Same old saying: KISS!

I was browsing across the ‘new’ Twitter layout features (oh, by the way: did you know that T’s creative director, Doug Bowman, worked for Google? Here is his gentle but tough goodbye message to Big G), when I came across this:

Simplicity meets serendipity

[link here]

Given the title of this blog, you would admit my curiosity on the subject… It was then that I remembered the video of an interview with Jack Dorsey (creator and executive chairman of Twitter) about the existence of a business model founded on serendipity. How would I define it? Well, in a few words online serendipity is a phenomenon where users encounter something they like that they were not expecting (read my previous blog post on the same subject).

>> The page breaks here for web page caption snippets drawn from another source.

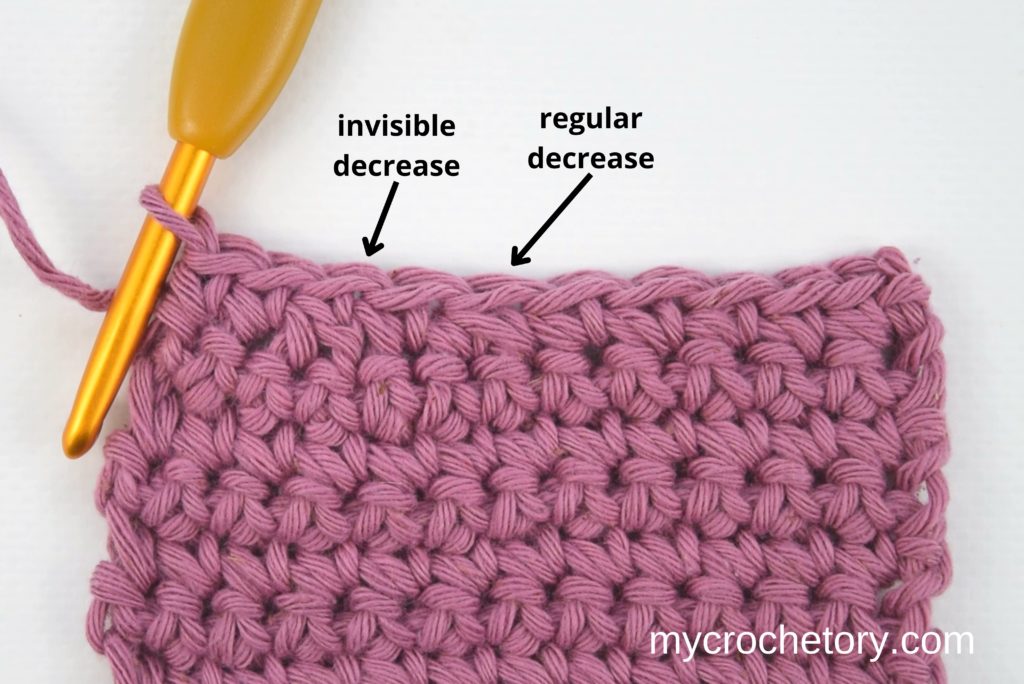 Single crochet: How to crochet an invisible decrease. Comparison between regular and invisible decrease.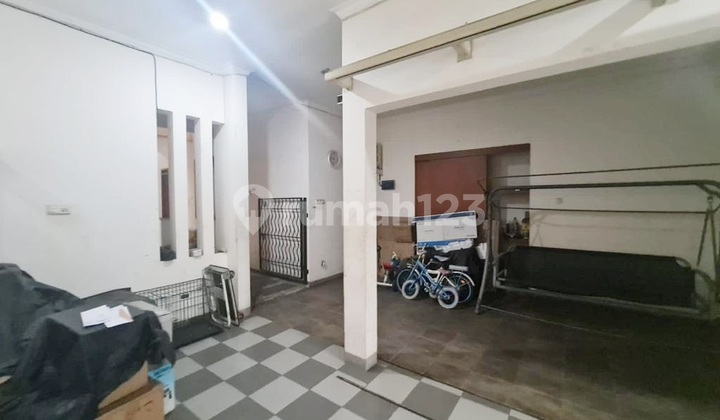 Singgasana Large House Premium & Strategic Location SHM Ready to Occupy Bandung City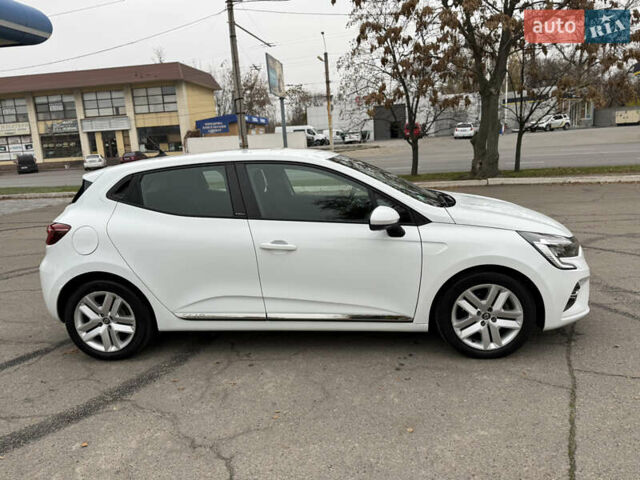 Белый Рено Клио, объемом двигателя 1.6 л и пробегом 167 тыс. км за 15399 $, фото 13 на Automoto.ua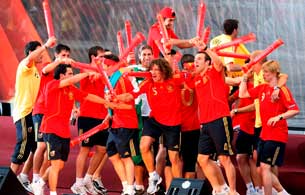 Ver v&iacute;deo  'La selecci&oacute;n celebra el t&iacute;tulo y canta el 'A por ellos''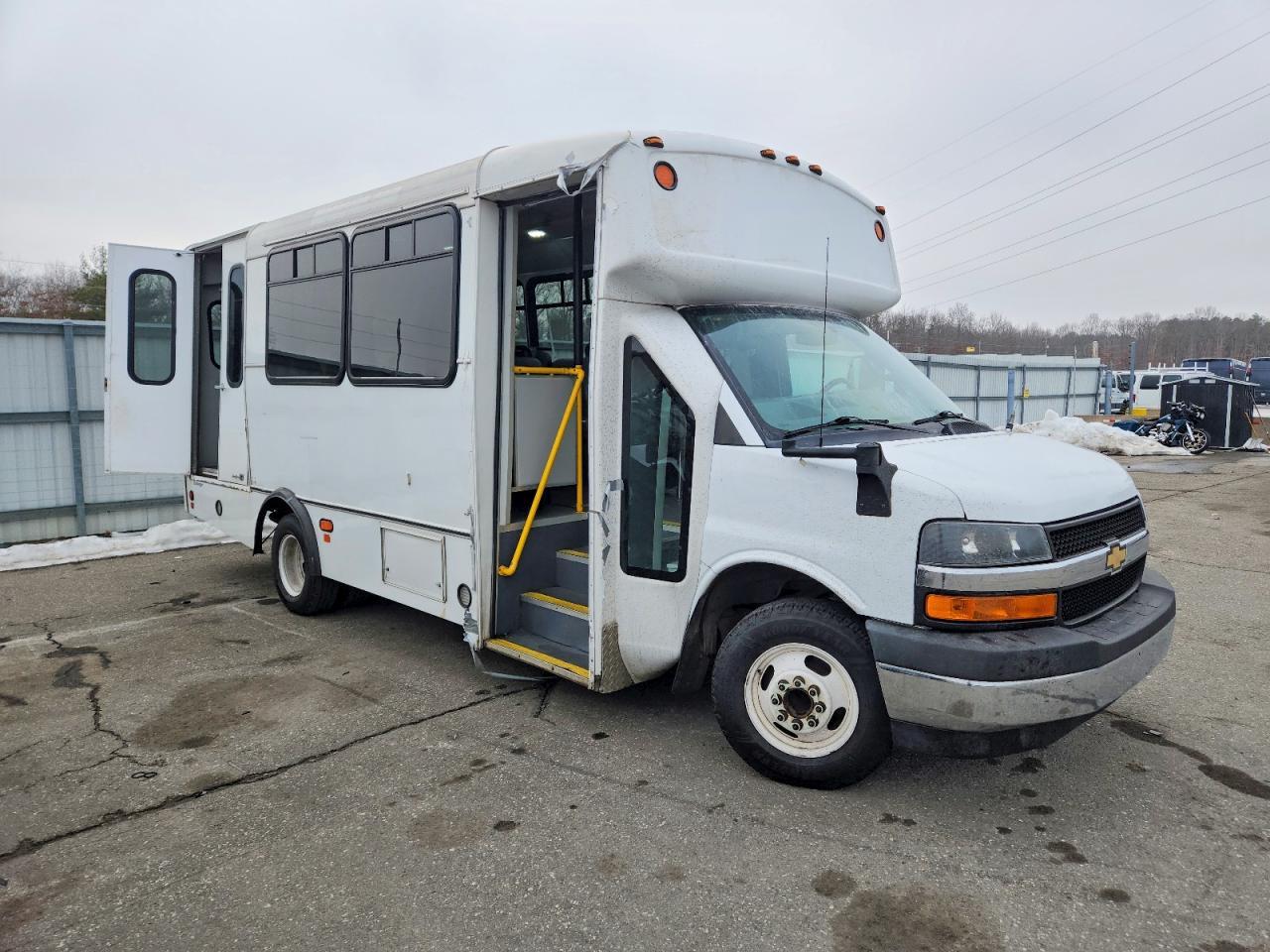 2020 Chevrolet Express G4500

As Dorsey himself admits, Google AdWords has been the first application of this groundbreaking online marketing model. As with fashion magazines, where ads are so well integrated with the content to be not only pleasant but also useful to the consumer, AdWords has made online advertising reputable and even desirable.

In the same way that people believe that Google ads make the search experience better, Dorsey says that Twitter’s ad products – promoted trends, promoted accounts, and promoted Tweets – get engagement rates between 1 percent and 5 percent. And this is done, in fact, in an unconventional sense:

I don’t necessarily think of it as advertising in the traditional sense. It’s, how do we introduce you to something new? How do we introduce you to something that would otherwise be difficult for you to find, but something that you probably have a deep interest in discovering? It’s really just another algorithm, or it’s just more curation, but it’s something that you would find delight in anyway. [..] The user experience is what matters. If the user experience is bad, then we fail.

Now the key question is: How do you engineer a system that, while not literally random, produces the feeling of serenidipitous discovery, meaning emerging from what seems like meaninglessness? AdWords also works because it’s a natural part of the system. You perform a search in order to get results — some of those results come in the form of advertising.